Animal tracks are a great way to learn about the different creatures in your area –– no matter where you live, there are so many cool creatures to discover! Have your little ones turn on their thinking caps and get ready to become an expert animal tracker with the help of this guide.

Learning about animal tracks will encourage your kids’ love of nature and sense of adventure!

How to Find Animal Tracks with Your Kids


Finding animal tracks with your family is a great way to spend an afternoon in the great outdoors! To help you and your little ones get started, read through these helpful tips on finding and identifying the tracks you may see, or jump to the list of tracks here!

It’s important to protect nature wherever you go! Keep yourself, your family and the animals around you safe by keeping these things in mind:

  • Never get close to a wild animal –– even if it looks friendly or tries to approach you.
  • Leave it where you found it –– don’t take things out of nature that belong there.
  • Don’t leave trash behind –– pick up after yourself if you bring snacks along.
  • Always practice caution –– be wary of dangerous animals like bears while tracking.

Where to Look

When searching for animal tracks, it’s important to know where to look! Depending on where you live and the season, it may be tricky to track down footprints left by mystery creatures!

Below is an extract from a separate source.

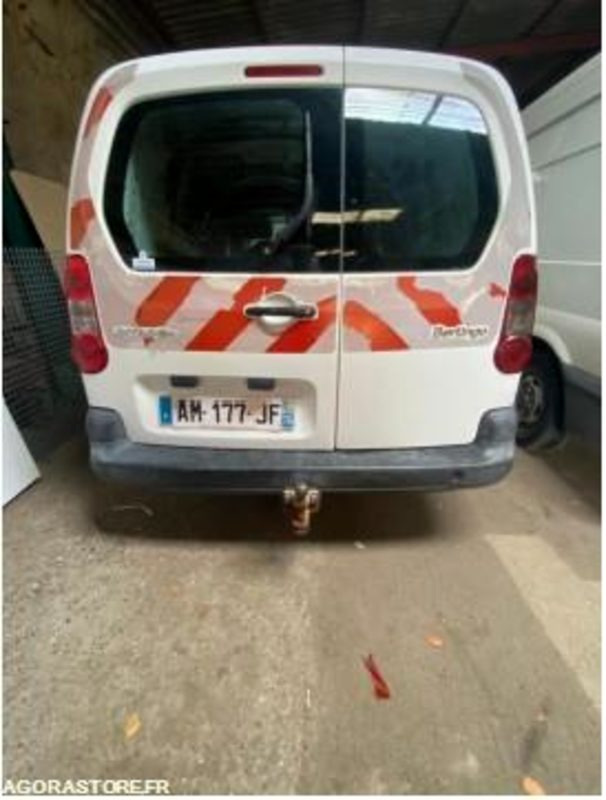 Citroen Berlingo - 147731kms - 2008 - AM 177 JF - כלי רכב מסחרי קטן: תמונה 2 Citroen Berlingo - 147731kms - 2008 - AM 177 JF - כלי רכב מסחרי קטן: תמונה 2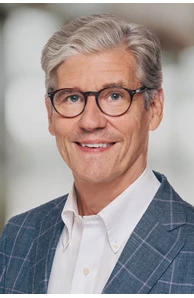 Charles Holmes image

Remember to look for these ground types when looking for animal tracks:

  • Snow: A thin layer of soft snow is great when looking for tracks made by bigger animals like bears, moose and mountain lions!
  • Mud: If you see mud, there may be a body of water nearby. Muddy ground is a great place to look for tracks made by animals like ducks, beavers, turtles and other water-loving beasts!
  • Sand: Just like mud, the sandy banks of a river or lake are perfect for spotting the tracks of water birds, animals hoping to get a cool drink of water or a family of bears having an afternoon swim!
  • Dirt: Soft, damp soil is ideal for identifying the tracks of animals with paws! If you’re lucky, you may discover a raccoon, opossum or even a bobcat that has been by recently!

What to Look For

There are other ways to tell if an animal has been wandering around! While looking for tracks, make note of these trail features:

  • Claw marks and scratches: Some animals (like cats) may leave claw marks on tree stumps or the ground when roaming their territory.
  • Broken twigs and leaves: Bigger animals tend to leave a trail of damaged plants behind them. Bears, moose and wolves may be responsible for broken vegetation!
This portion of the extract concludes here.